[DATASET RECORDS]

----------------

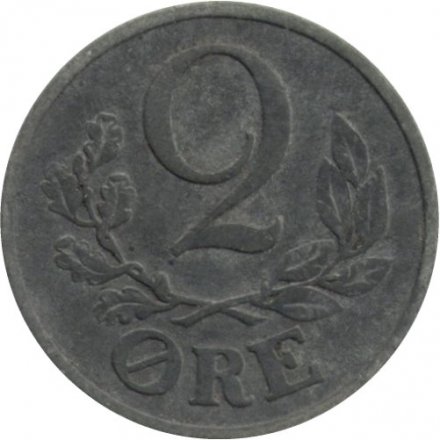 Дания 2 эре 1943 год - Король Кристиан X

----------------

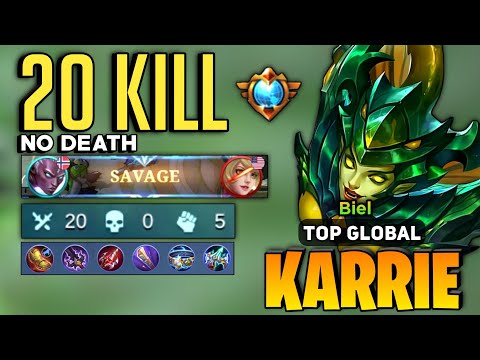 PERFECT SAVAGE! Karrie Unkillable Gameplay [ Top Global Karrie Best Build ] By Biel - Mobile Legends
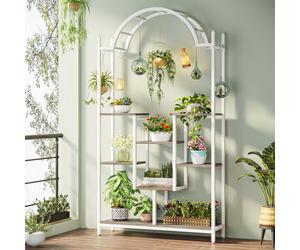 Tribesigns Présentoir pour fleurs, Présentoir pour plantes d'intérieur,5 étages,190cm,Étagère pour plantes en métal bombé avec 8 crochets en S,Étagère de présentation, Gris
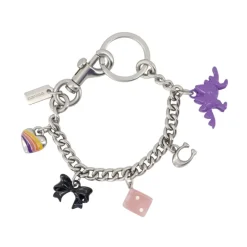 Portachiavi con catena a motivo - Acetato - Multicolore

----------------

[YOUR OBJECTIVE]
In the listing above, find the line with "PERFECT SAVAGE! Karrie" and the line with "Tribesigns Présentoir pour". Copy both of them and every line between, exactly, but not the pictures.

[SOLUTION TO THIS EXERCISE]
 PERFECT SAVAGE! Karrie Unkillable Gameplay [ Top Global Karrie Best Build ] By Biel - Mobile Legends
 Tribesigns Présentoir pour fleurs, Présentoir pour plantes d'intérieur,5 étages,190cm,Étagère pour plantes en métal bombé avec 8 crochets en S,Étagère de présentation, Gris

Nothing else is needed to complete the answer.